Youkoso Jitsuryoku, Cit 4.5, Kısım 2, Part 7

‘N-Ne oluyor…?”

Normalde sakin birisi olan Katsugari, bir anda etrafı hiçbir arkadaşlığı olmayan Ike ve diğerleriyle çevrili olunca şaşkınlığını gizleyemedi. Bir önceki diyalog sınavına beraber giren Kushida konuşmaya başladı.

“Biraz ani olacak özür dileriz, Katsuragi-kun, vaktin var mı?”

“Kushida, ha? Bu ne şimdi?”

“Ike ve diğerlerinden duydum ben de. Bugün senin doğum gününmüş?”

“Haa…doğru ama.. nasıl bildiniz ki.”

Belki de daha önce birisine doğum gününü söyleyip söylemediğini hatırlamadığından, yüzünden kafasının karışık olduğu anlaşılıyordu.

“Biz de bu yüzden senin doğum gününü kutlamak istediğimiz için seni çağırdık.” Kushida konuşmaya devam ediyordu.

“Hayır. Bu kadar özel bir şey yapmanız için bir neden yok ki. Haksız mıyım?”
Anlaşılan teklifimize balıklama atlamak yerine gardını alıyordu.
Ben de bundan korkuyordum işte. D sınıfının tuzağı olarak bile düşünse yeridir ya. Ama direkt olarak bizi reddetmeyişini Kushida’nın varlığına bağlıyorum ben.

“Bugün birisiyle randevun falan var mıydı?” Kushida sordu.

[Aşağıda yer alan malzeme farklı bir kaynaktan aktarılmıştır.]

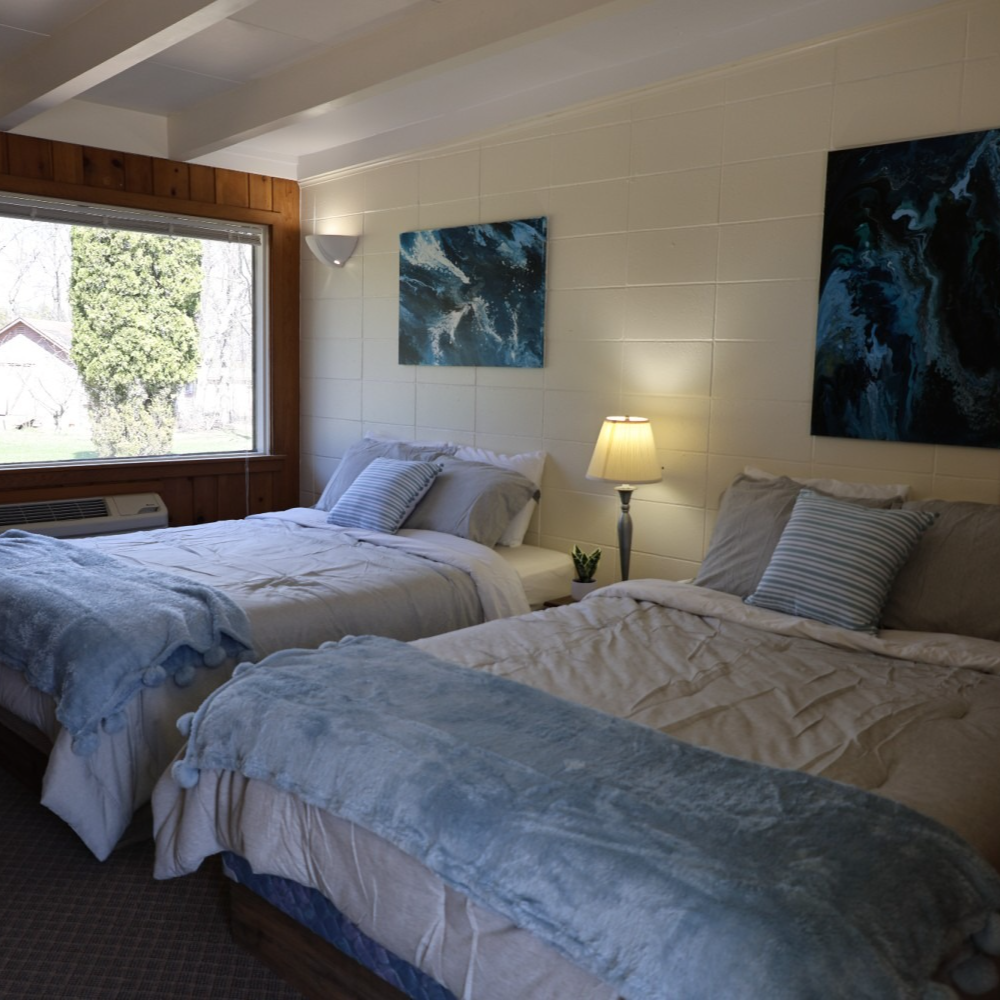 A hotel room with two beds and a lamp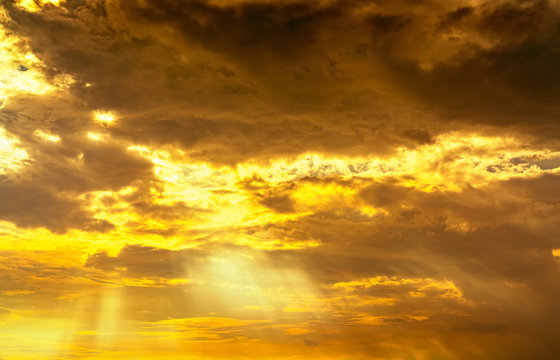 God light. Dramatic golden cloudy sky with sun beam. Yellow sun rays through  golden clouds. God light from heaven for hope and faithful concept. Believe in god. Beautiful sunlight sky background.
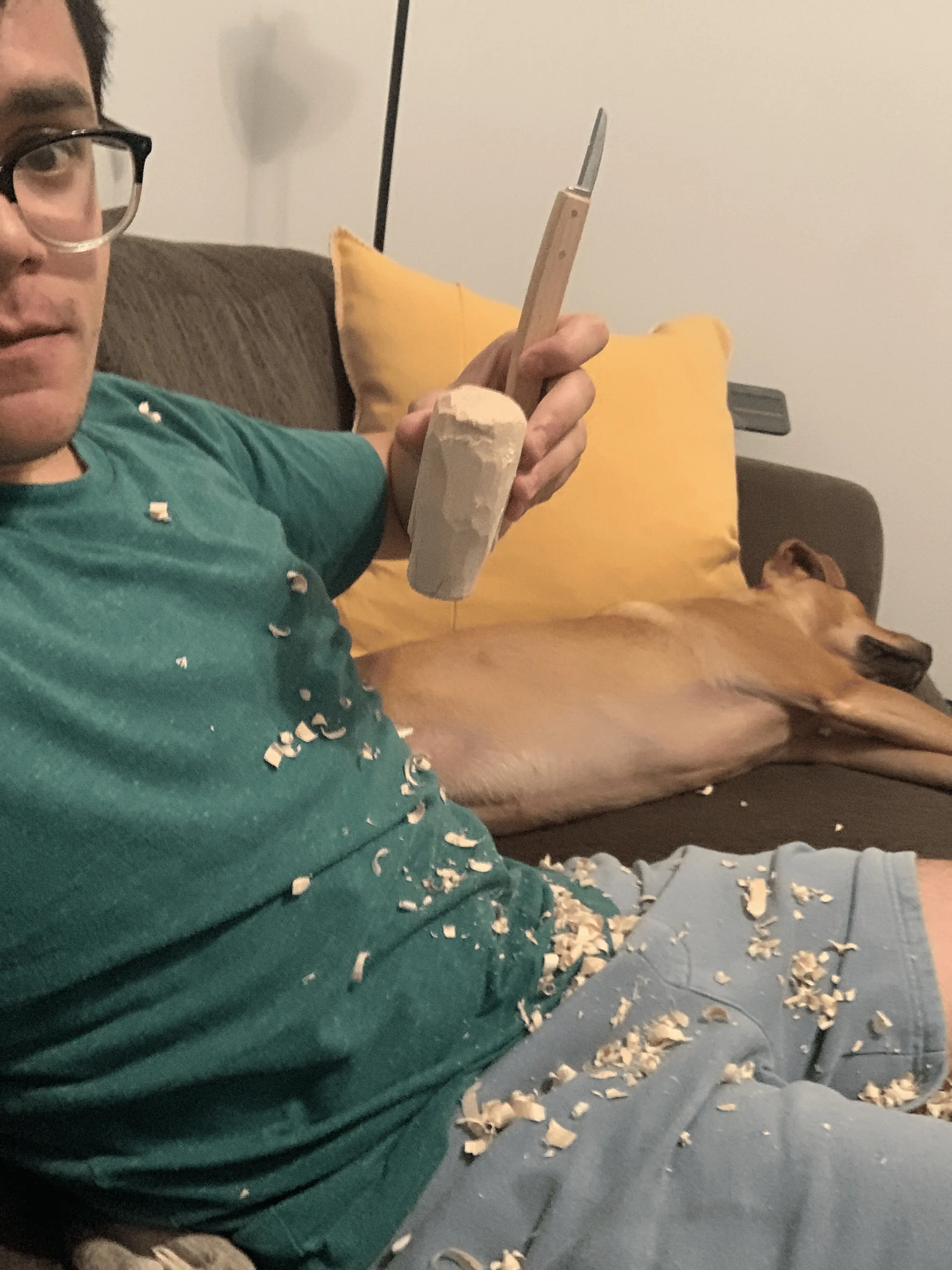 Holding up wood carving while covered in wood shavings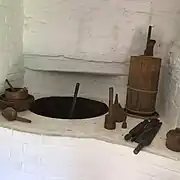 Stand-kettle, located in the west room to the right of the rear of the oven.  It can be heated from below.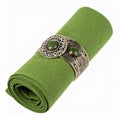 Rolled Green Fabric Napkin with Gold Decorative Ring Isolated on White Royalty Free Stock Photo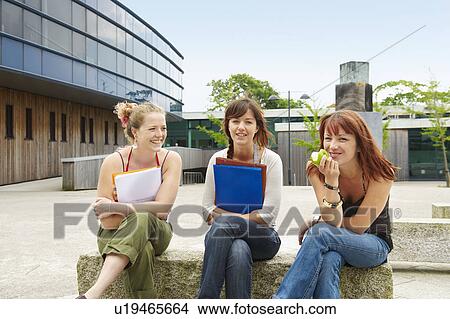 Three young women on campus View Large Photo Image Picture - Three young women on campus. Fotosearch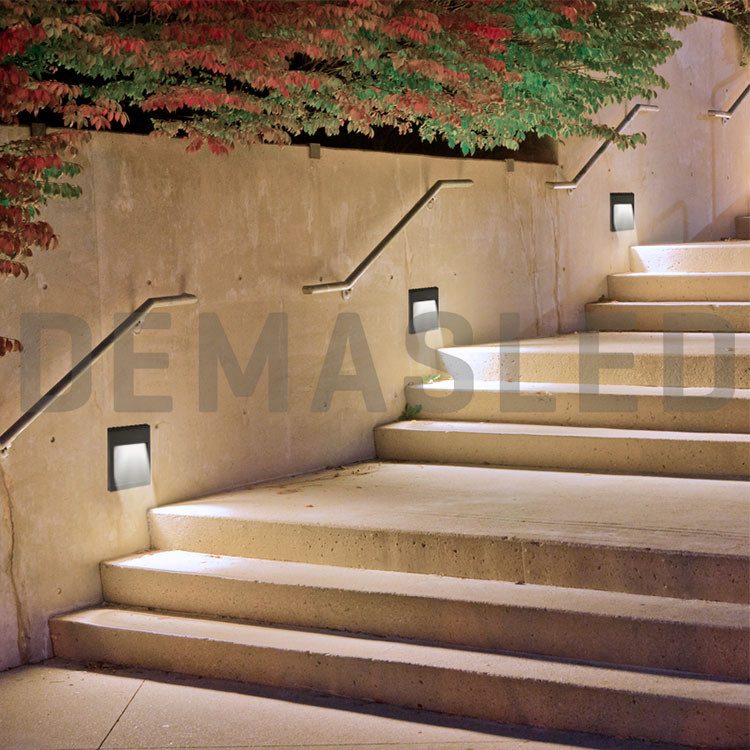 Escaleras de piedra al aire libre iluminadas por la noche con pasamanos y luces de pared.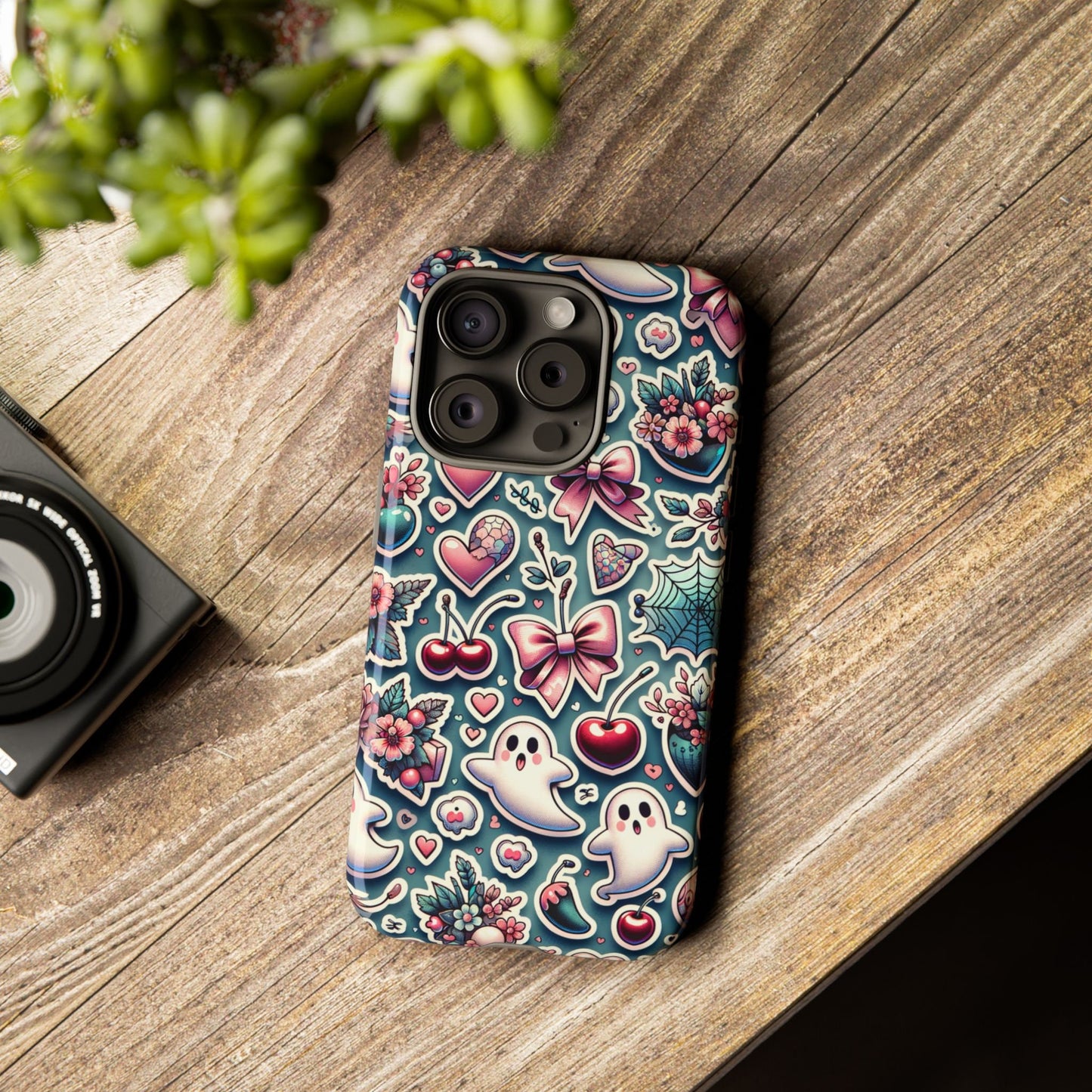 An iPhone with a Cute Coquette Halloween Phone Case featuring a coquette aesthetic design of ghosts, cherries, flowers, and hearts rests on a wooden surface beside a camera and a plant.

“Hayır, konu bu değil ki ama….”

Tam bu sırada Kushida iki elini birleştirip memnun bir yüz ifadesiyle sanki ‘Çok sevindim’ diyordu.
Bu gülümsemesini gören her sıradan erkek, ona ilk görüşte âşık olur, ha.

Ama bu çocuk, A sınıfının lideriydi. Böyle kolayca alt edilecek birisi değil yani.

“Özür dilerim ama biz arkadaş bile değiliz. Eğer art niyetliyseniz, söyleyin.”

“Art niyetimiz falan yok. Gerçekten doğum gününü kutlamak istiyoruz, Katsuragi.”

Ike ciddi bir yüz ifadesiyle konuştu. Tüm kalbiyle onun doğum gününü kutlamak istiyor galiba.

“Hmm…..”.

İşte zor bir durumdayız. Katsugari ciddi bir surat ifadesiyle elini çenesine değdiriyordu.
O sırada, hala dünkü hediye kutusunu taşıdığını fark ettim.

2 gün önce aldığı şeyi nereye giderse yanında taşıyordu. Neden acaba. Ike ve diğerleri fark etmediler galiba.(ya da fark ettikleri halde görmezlikten geliyorlar).

“İzninizle, okulda işim var. Özür dilerim.” Katsuragi cevap verdi.

“Okul, hı?  Bu aralar üniformanı giyip duruyorsun. Ne yapıyorsun ki?”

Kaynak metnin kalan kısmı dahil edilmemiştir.